By Julia Pulidindi
Earlier this week, over NLC's objections, the House passed the Permanent Internet Tax Freedom Act (PITFA, H.R. 3086), a bill that would strip local governments of the authority to tax or impose fees on Internet access.
To help foster the growth of the Internet, the Internet Tax Freedom Act (ITFA) was first passed in 1998 and placed a temporary ban on taxing Internet access; the current ban expires on November 1, 2014.
In addition to making the temporary ban permanent, PITFA strips states who were "grandfathered" under ITFA at a cost of over $500 million a year in lost revenues (according to the Congressional Budget Office). Those states are Hawaii, New Mexico, North Dakota, Ohio, South Dakota, Texas, and Wisconsin. For additional information on the costs of a permanent ban, click here.

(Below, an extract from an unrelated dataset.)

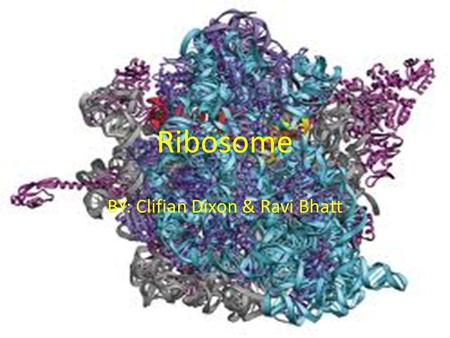 Ribosome BY: Clifian Dixon & Ravi Bhatt. Location in the cell Ribosomes are mainly found bound to the endoplasmic reticulum and the nuclear envelope,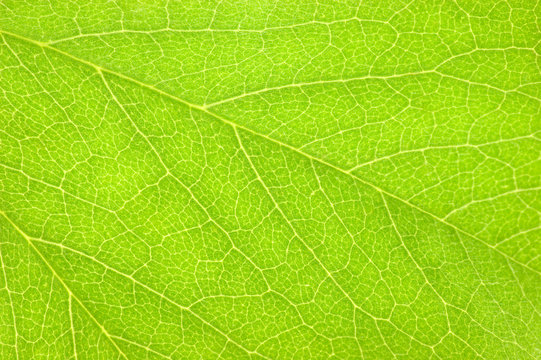 Green Leaf Macro Closeup Background Texture, Large Detailed Textured Pattern Horizontal Copy Space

With the House's vote, NLC will now focus its advocacy on the Senate where Senators Enzi (WY), Durbin (IL), Alexander (TN), Heitkamp (ND), Collins (ME) and Pryor (AR) recently introduced the Marketplace and Internet Tax Fairness Act, S. 2609, which NLC supports. This bill combines the Marketplace Fairness Act (with several technical changes), a top legislative priority for cities, and a 10-year extension of the Internet Tax Freedom Act.